Lucas Marquardt, Thorostride

This has been a great, informative series often approached as a supply-side issue. That is, viewed from the perspective of breeders and stallion farms, mostly through the lens of book size. As Carrie Brogden Saturday, and others before her have pointed out, breeders embrace 1st- and 2nd-crop stallions so enthusiastically for one reason: because buyers do. Obviously that's the primary driver of book size.

But I was curious to view the situation from a slightly different angle–from the demand side–and wondered what percentage of the most commercial sale yearlings, in any given year, are by 1st- or 2nd-year stallions. (First year meaning those with their first crop of yearlings; second year meaning it's the sire's second crop of yearlings.) And how that, in turn, influences breeders' decisions.

Looking at the last five years, from 2015 through 2019, it was relatively rare for a 1st-year stallion to break the annual Top 20 sire list by yearling average. That surprised me. Only Bodemeister, The Factor, Orb, Will Take Charge, American Pharoah, Honor Code, Nyquist, Runhappy and Frosted have done so. So I broadened the scoped and looked at the Top 50 yearling sires by average in that stretch, and then at the Top 100. Below are the results.

In general terms, from 2015-19, around 17% of the Top 50 commercial sires were 1st-crop sires. Combined, 1st- and 2nd-year sires made up 25% of the Top 50 sires.
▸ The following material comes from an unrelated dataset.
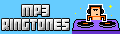 Logo mp3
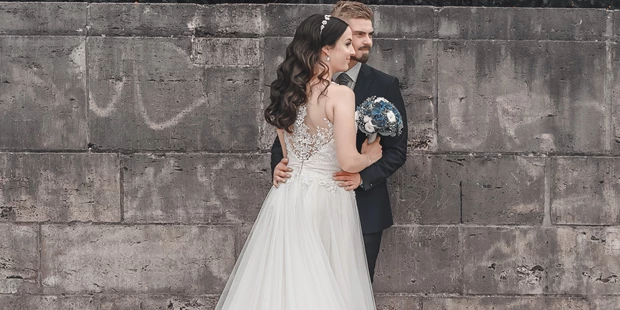 Hochzeitsfotos - Art des Shootings: Prewedding Shooting - Hannover - Dimitry Manz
A look at the Top 100, which would be more representative of the middle and lower ends of the market, reveals similar numbers. From 2015-19, about 18% of the Top 100 commercial sires were 1st-year stallions. An even 30% were 1st- or 2nd-year stallions.
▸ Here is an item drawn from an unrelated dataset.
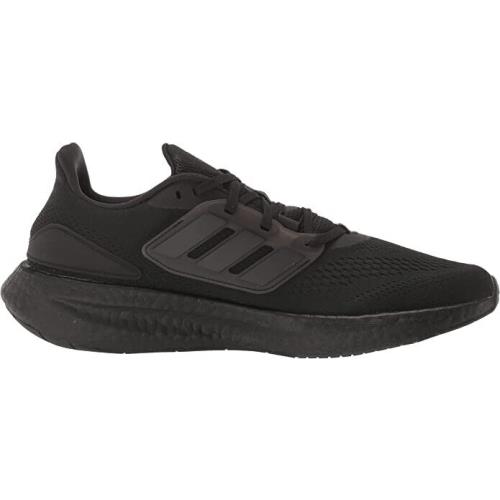Adidas shoes Running - Black 0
These numbers lack context if we don't look at the actual number of yearlings sold (table 1). Here things get more interesting. Give or take, the Top 100 sires of sale yearlings are represented by 4,700 yearlings through the ring each year, of which an average of 3,853 have sold over the past five years. Of these, on average, 22% are by 1st-crop sires. If we add in 2nd-crop sires, about 35% of that group of 3,853 sold yearlings will be by 1st- or 2nd-crop stallions.

Thirty-five percent is a lot of weight for buyers to throw behind largely unproven stallions, but is it too much? I'll leave that to people smarter than me. Some of these stallions will be abject failures, but many more will just be average, and the market will move on to other, younger sires who will be similarly average. The hope, obviously, is to unearth the next Uncle Mo or Constitution in the process. In any case, these numbers represent an interesting facet of the conversation.